This chapter begins by describing Laura García’s attempts at inventing improved household devices when the family first moved to New York. She would take the four girls to department stores and listen to lengthy sales pitches for household conveniences, then go home and sketch out improvements. After reading in the New York Times that someone has just patented a rolling suitcase, an idea she had envisioned but never acted on, she decides to stop inventing. Instead, she helps clean and keep accounts for Carlos’s successful Centro de Medicina in the Bronx.
As the girls enter high school, Laura feels increasingly comfortable in the United States, while her husband begins to dream of moving back to the Dominican Republic. Trujillo’s dictatorship had just been toppled and the interim government plans to hold the first free elections in thirty years. Like her mother, Yolanda has also begun to settle into America, and she explores the English language in poems and personal compositions that catch the attention of the Catholic nuns who teach at her school.
In ninth grade, she is asked to write a speech for the Teacher’s Day address. Nervous at the thought of her accented English and at the teasing she will endure from her peers from praising the teachers at the assembly, Yolanda is paralyzed and cannot write. Finally, the night before the assembly, she is inspired by Walt Whitman’s Leaves of Grass and writes an irreverent speech declaring that the best student learns to destroy the teacher. When her father hears the speech, he becomes incensed at its disrespectful message and tears it to pieces. Yolanda, in fury, accuses him of being another “Chapita,” Trujillo’s hated nickname.
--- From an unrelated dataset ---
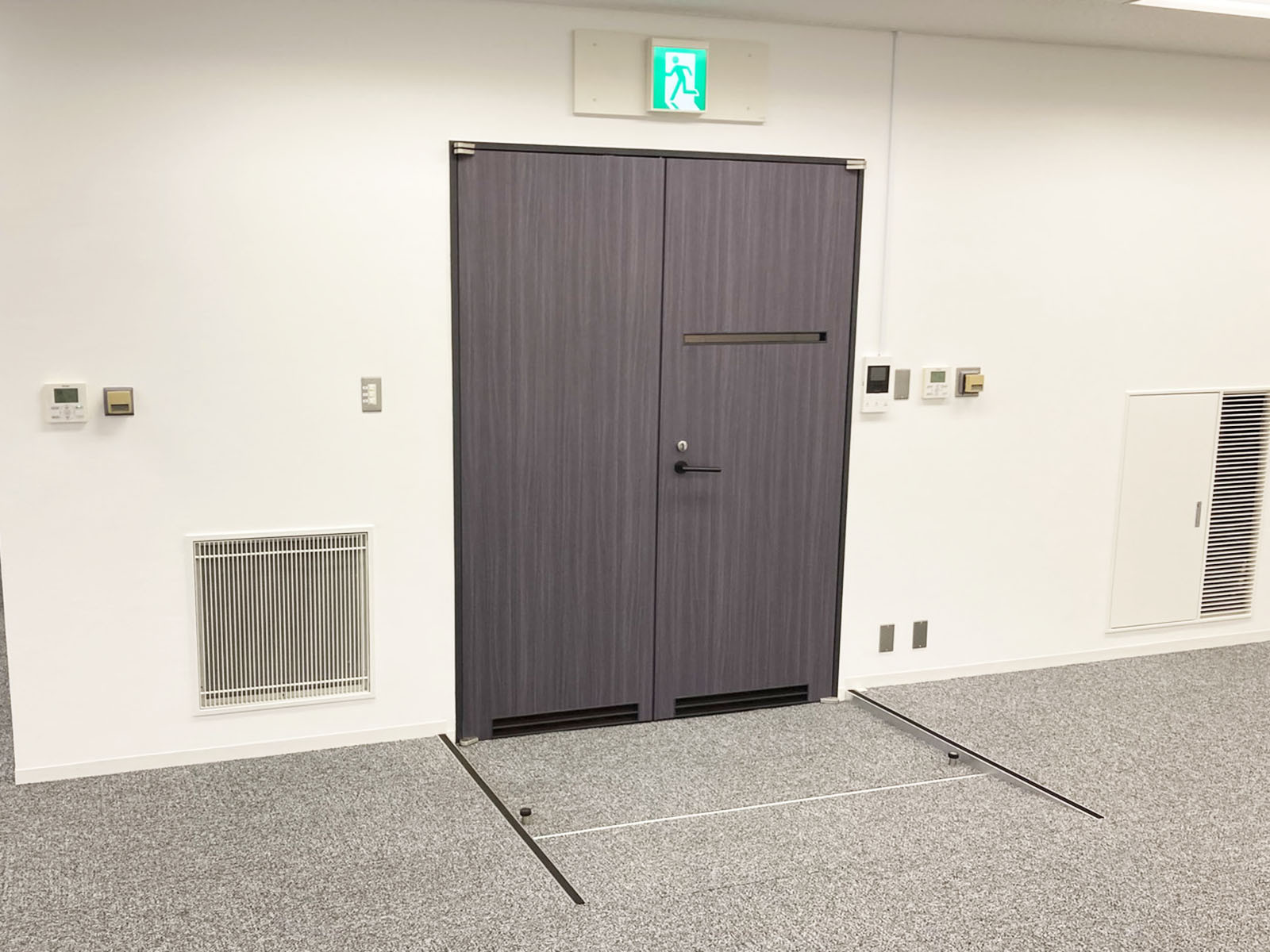 貸室出入口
She then flees to her room and locks the door against her furious father. The locks on their bedroom doors had been her mother’s idea, and for the first time Yolanda praises her mother’s ingenuity.
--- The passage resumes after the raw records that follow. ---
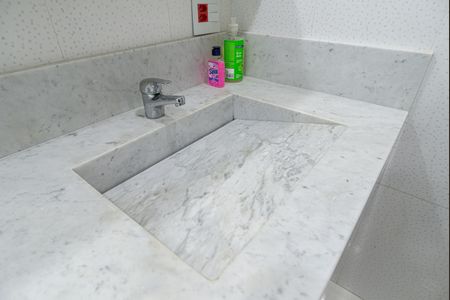 Apartamento à venda com 47m², 1 quarto e 1 vagaBanheiro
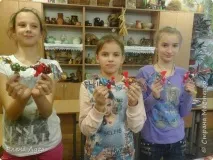 Півник з одного клаптя без голки, Країна Майстрів голки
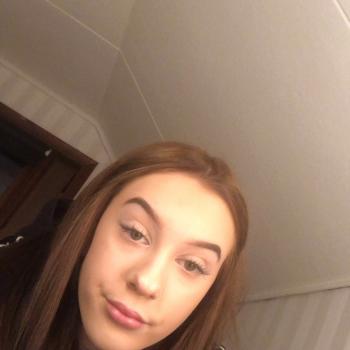 Babysitter in Domsjö: Tove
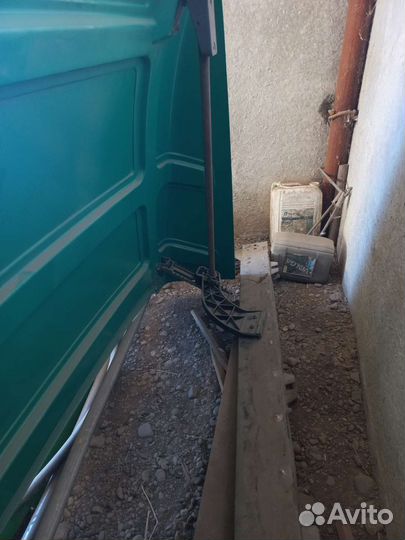 Спойлер кабины верхний 5490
Soon after, her mother comes to her room and helps her to write a trite speech praising the teachers, which earns Yolanda a standing ovation the following day. That night, she hides in her room when her father returns home. Eventually, as he calls up to her in apology and remorse, she comes downstairs to find that her father has bought her a fancy new typewriter tricked out with more gadgets than even her mother could have imagined. Yoyo thinks of the speech her mother helped to write as her mother’s last invention, as though her mother were passing the torch of innovation and creativity onto her daughter.
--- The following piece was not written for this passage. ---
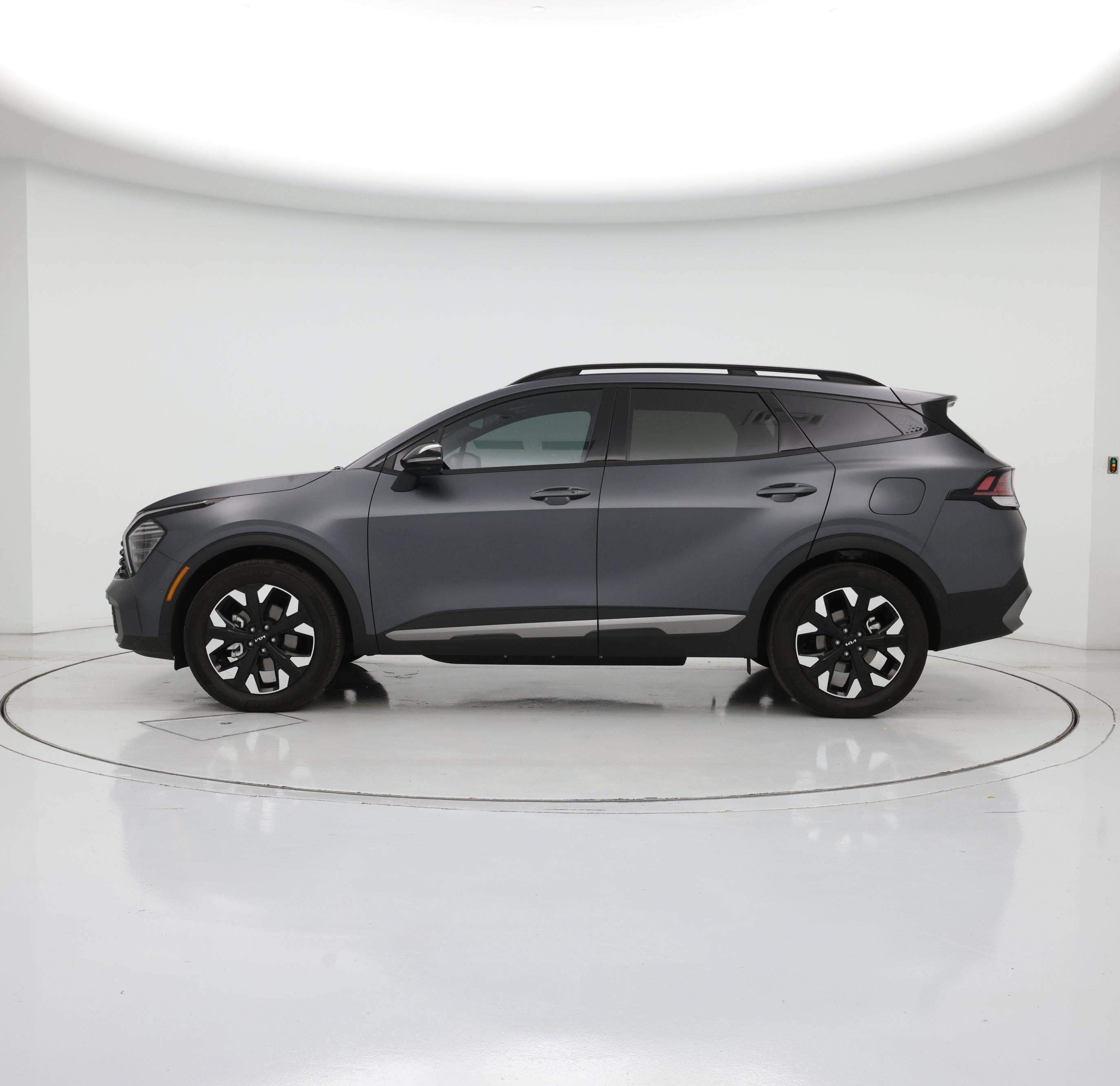 Thumbnail: 2023 Kia Sportage - 3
In this chapter, Laura García's inventions and Yolanda's writing mark their growing Americanization and independence from the Dominican tradition of female obedience and passivity.
The chapter's allusion to Walt Whitman highlights the American celebration of revolution and innovation that smashes the older generations' values. This cultural ideal is anathema to Dominican society, which is based on rigid hierarchies established by differences in gender and caste, and determined by birth. Laura's surname "de la Torre," for instance, received instant recognition and preferential treatment on the Island due to her family's prestige. In the United States, however, she must prove her worth on her own, and so is inspired to begin inventing and finding resourceful ways to use her energy. The loss of predetermined social status frees Laura to pursue personal growth, and Laura begins to feel that it’s better to be an "independent nobody than a high-class houseslave" (144).
When Carlos asserts his adherence to the Dominican patriarchy by tearing up the Whitman-inspired speech, he becomes an oppressive authoritarian figure to Yolanda. Though the comparison of her father to "Chapita" (Trujillo) is wild exaggeration, it establishes the idea that private patriarchy is an insidious extension of political despotism. Ironically, Carlos is excited by the promise of American-style democracy in the Dominican Republic, yet cannot brook divergent viewpoints in his own family. Carlos is apparently disturbed by the suggestion that he could become, in his personal life, the very thing he opposed in the political sphere. The next day he buys Yolanda a new typewriter and explains that he only wants to protect her. This paternalistic protection, however, may be only a gentler form of the same masculine urge to control.
At the end of the chapter, Yolanda compares her mother's help writing the trite, pleasant speech she delivers to the passing on of the "pencil and pad" (149) on which Laura had invented devices. The pencil and pad becomes a metonym for female ingenuity and resourcefulness. It represents the ways that Laura, Yolanda, and all the girls rise to the challenge—and opportunity—offered by American freedom and emphasis on individual achievement.